It looks like it was published in 2002, so it makes sense that the hypothetical committee meeting Sara recaps from the book did not include Generation Y/The Millennial Generation. But now in 2010, this generation is entering young adulthood and even the workforce, so let's revisit that. There are summaries of each generational type here. (Do you think the depictions of the different generations fit?)
So what does it look like to attend meetings or work on projects with folks in the Generation Y/Millennial Generation? Here are my initial observations:
- Generation Y is, as a whole, closely bonded with the Baby Boomer Generation. I find that though Gen Y folks may have more of a "let's pull together" attitude, folks in Generation Y have picked up many of their sensibilities about organizational functioning not from Gen X, but from the boomers. I also find Gen Y and Baby Boomers great partners to work together on projects, in a way that Baby Boomers and Gen X are not quite as much so (I've noticed that Gen Xers are increasingly interested, as a whole, in the sensibilities of the Silent/Homeland Generation...just as one example, check out some of the blogs among Gen X mothers right now, who are even returning to the hobbies of the Silent Generation...interesting stuff).
- Gen Y folks do not have the same sense of boundaries of space and time that previous generations have had. A room does not just include those who are in it, but also folks who are available via mobile technology. A meeting time is not exclusive for meeting business, but is rather another multi-tasked item on the whole day's agenda.

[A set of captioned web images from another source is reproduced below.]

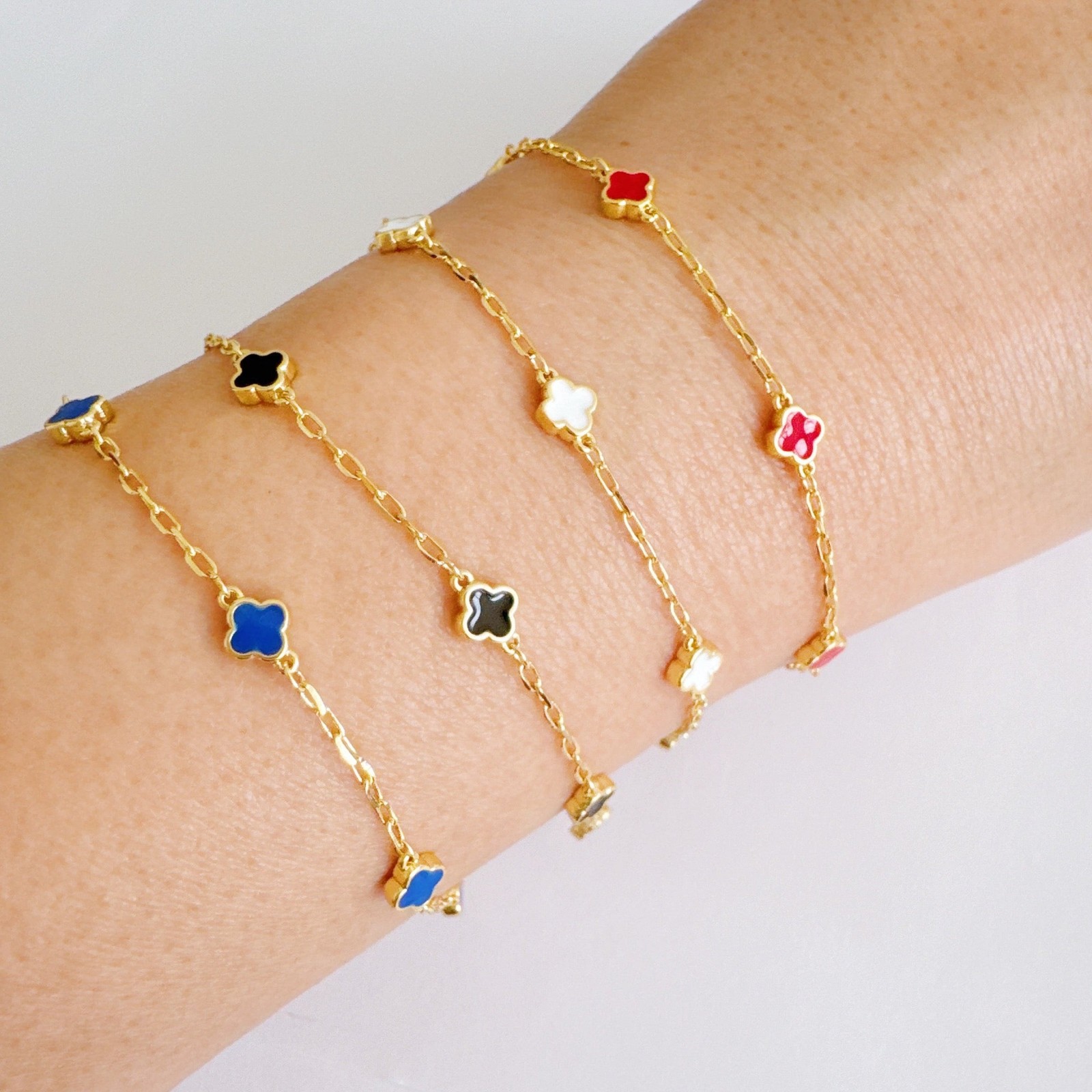 Petite Clover Single Layer Bracelet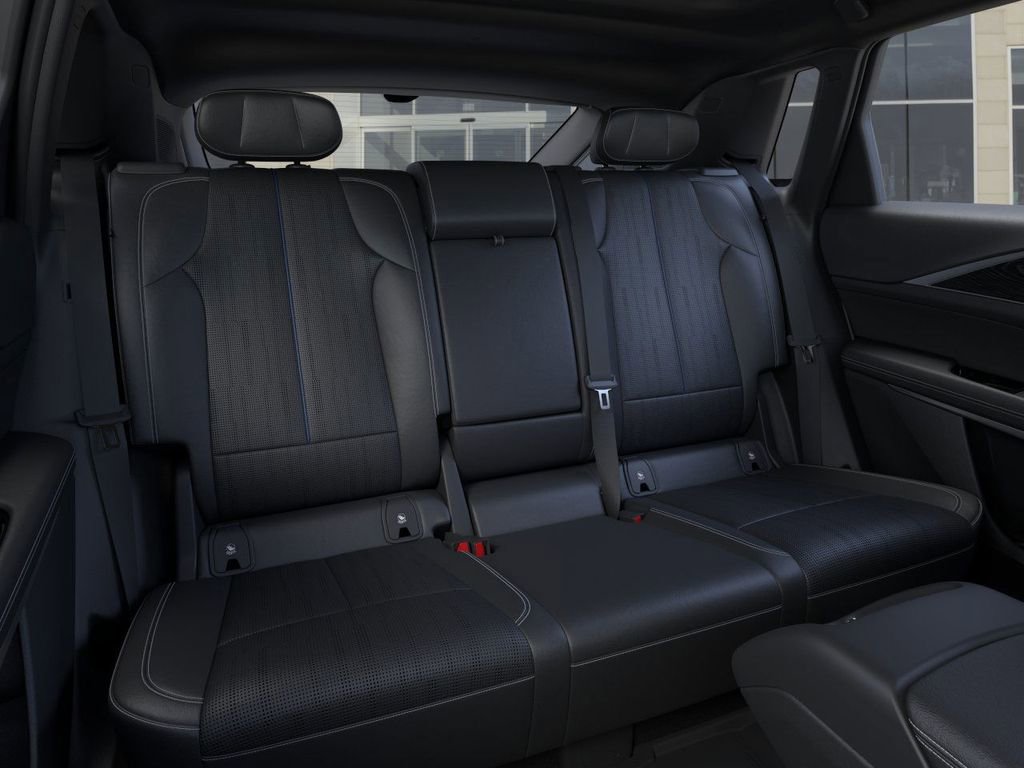 New 2025 Cadillac Lyriq Luxury image 17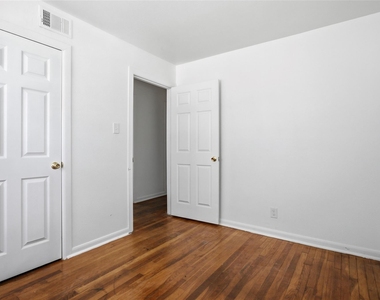 5622 Woodgreen Street - Photo Thumbnail 14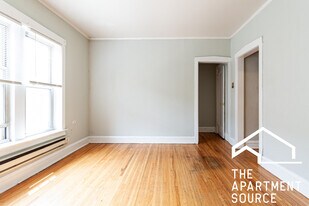 634 W Barry Ave, Unit 2N in Chicago, IL - Building Photo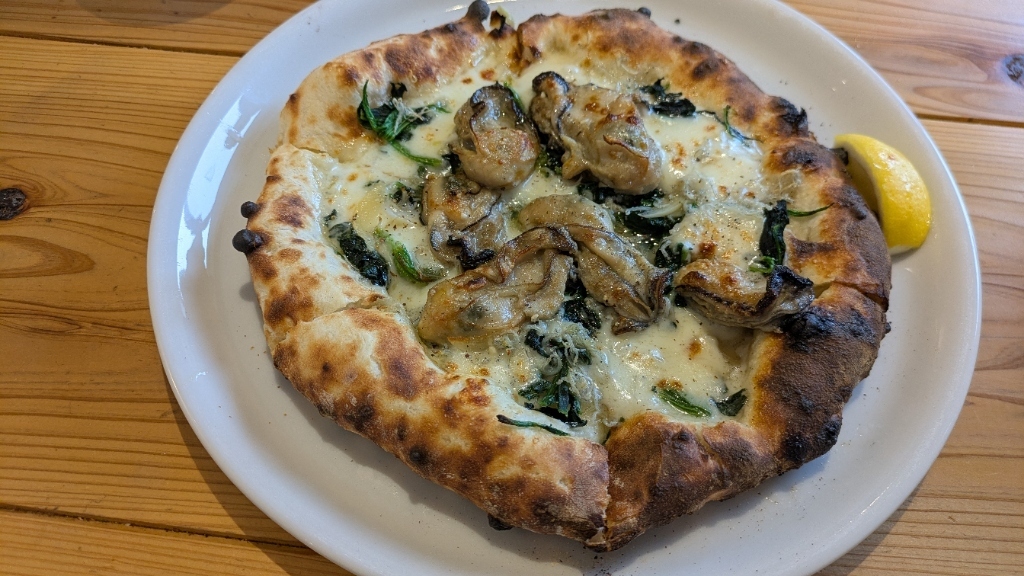 Pizzeria Pino Isola VESTAの牡蠣ピッツァ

- I had read in another source that Gen Y folks will be big on volunteerism and will volunteer more hours than any generation in recent history (is that part of where "civic" came from as a descriptor?). While I know Gen Y folks who volunteer, and there is still time, I have not as of yet seen the generation, as a whole, surpass previous generations in terms of volunteerism. In fact, Gen Y folks started coming of age while the "learn to say no" self-care movement was still peaking for the boomers, and I see Gen Y folks mirroring that sensibility. That is not to say, however, that I think Gen Y folks have abandoned civic responsibility. Gen Y folks seem to have a fairly decent understanding of corporate accountability, and seem to want to work for and patronize corporations that at least give an impression of being "more responsible." Members of this generation also tend to be attracted to projects and activities that simultaneously provide a "self-discovery"/quest opportunity and a philanthropic benefit.
- Perhaps related to a differing sense of space and time, Gen Y folks currently seem less apt to meet deadlines and adhere to timelines. The tradeoff is that they often approach things very creatively, and they are quite forgiving of others who fail to meet deadlines and adhere to timelines (a good thing for Gen Xers and Boomers who tend to carry more guilt in these matters). Gen Y folks also do not seem to have the same level of self-guilt that previous generations have...at least not yet.
- Perhaps because they are still coming of age, Gen Y folks seem to be looking for opportunities to have their voices heard. They are insecure in their value, and even though they are a very large generation, do not see themselves as the dominant voice in society. However, because they tend to think "out of the box" of current generations, they have an entrepreneurial spirit that allows them to innovate without depending on validation from others. They seem driven toward this innovation, and seem to shy away from more traditionally collaborative opportunities in which they may not feel so heard.